Alternate Model Generation
The initial fixed 3-component PCA solution included items with low loadings (<0.40) and 1 item with a high cross-loading (Table 4). In total, 9 items with low loadings, high cross-loadings, or high interitem correlations were removed during subsequent analyses of the PCA procedures. The resulting 3-component, 9-item solution contained items with loadings >0.49 and without substantial cross-loadings. The solution accounted for 23.4% of the variance, with Cronbach α ranging from 0.47 to 0.52 (Table 5). Total scores on the 9-item modified ASBQ demonstrated a very large correlation (r = 0.850; R2 = 0.722) with the scores for the 18-item ASBQ. Large relationships were found between the behavioral constructs (r = 0.635; R2 = 0.403) and routine constructs (r = 0.643; R2 = 0.413) of the modified 9-item ASBQ and the 18-item ASBQ, whereas a small relationship was found between the sport constructs of the 2 scales (r = 0.134; R2 = 0.018).
Covariance Model Refined ASBQ
Covariance modeling of the refined 3-factor, 9-item scale showed improved model fit, with goodness-of-fit indices meeting nearly all criteria (χ2 = 43.018, P = .01, CFI = 0.951, GFI = 0.983, TLI = 0.926, RMSEA = 0.038, IFI = 0.952; Figure 2). The latent variable correlations were small (routine and behavioral components r = 0.25 [R2 = 0.06]; routine and sport r = 0.28 [R2 = 0.08]; behavioral and sport r = –0.03 [R2 = 0.001]; Figure 2). All factor loadings were different, ranging from 0.21 to 0.91, and modification indices did not reveal any meaningful cross-loadings or error covariance specifications.

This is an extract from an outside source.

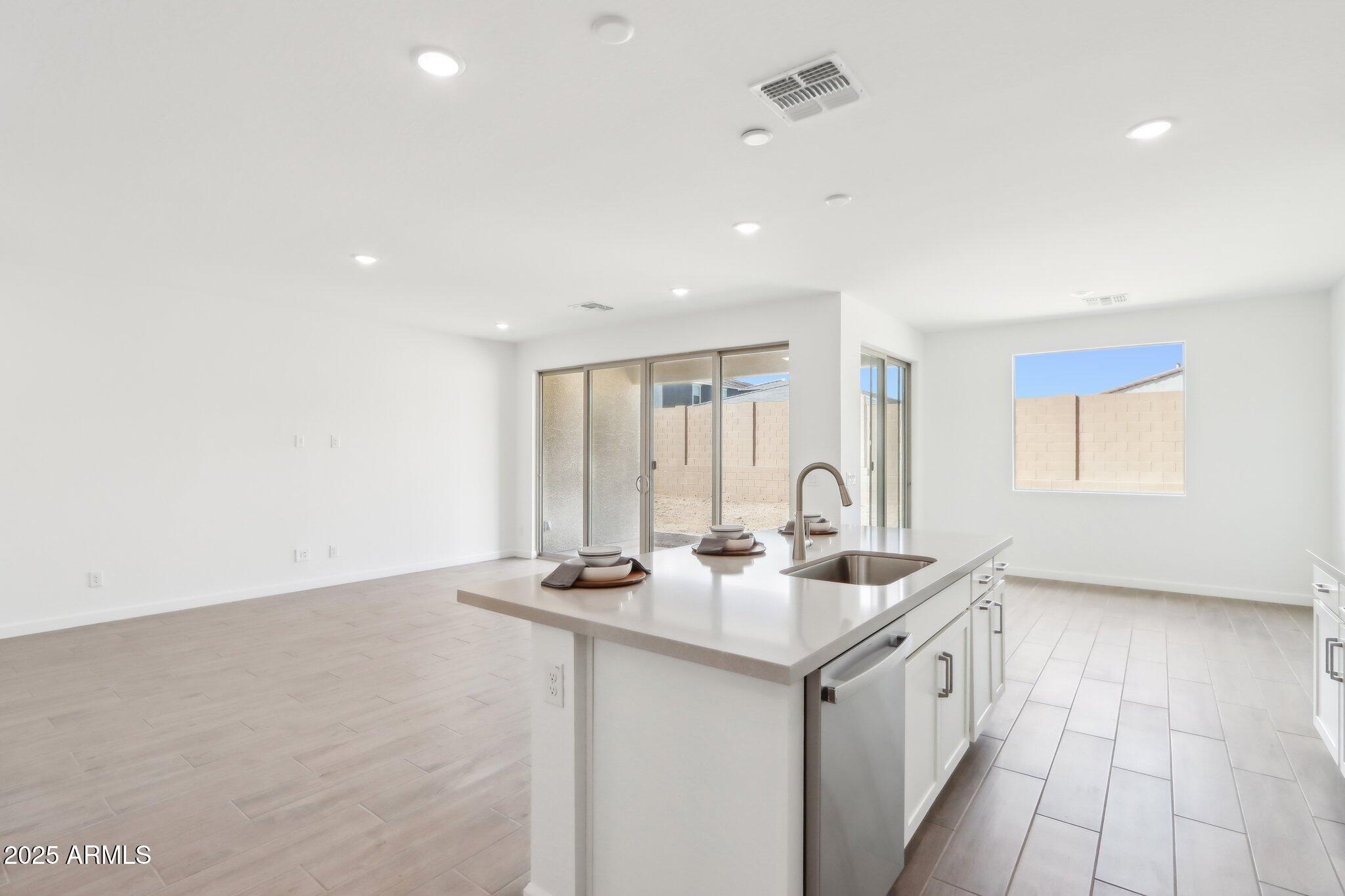 7654 W TETHER Trail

Multigroup Invariance Testing Across Subgroups
All 556 individuals in the sample reported their sex (men = 104, women = 452). Individual CFAs by sex met some but not all recommended fit criteria for men (CFI = 0.944, TLI = 0.916, RMSEA = 0.039) and women (CFI = 0.96, TLI = 0.939, RMSEA = 0.034; Table 6). The configural model (ie, equal form) met most model fit indices (χ2 = 64.72, CFI = 0.957, RMSEA = 0.025; Table 6). The metric model (ie, equal loadings) passed both the CFIDIFF test (CFIDIFF = 0.001) and the χ2DIFF test (χ2DIFF = 5.38). Because the metric model was invariant between groups, examination of the equal latent variable factors was warranted. The equal factor variances model passed the CFIDIFF test (CFIDIFF = 0.001) and the χ2DIFF test (χ2DIFF = 8.78), indicating that the variances were not different between groups. The scalar model (ie, equal indicator intercepts) did not pass the CFIDIFF test (CFIDIFF = 0.014) but passed the χ2DIFF test (χ2DIFF = 17.04). As such, completing the subsequent steps of the multigroup invariance testing process (ie, testing of means) was not deemed appropriate.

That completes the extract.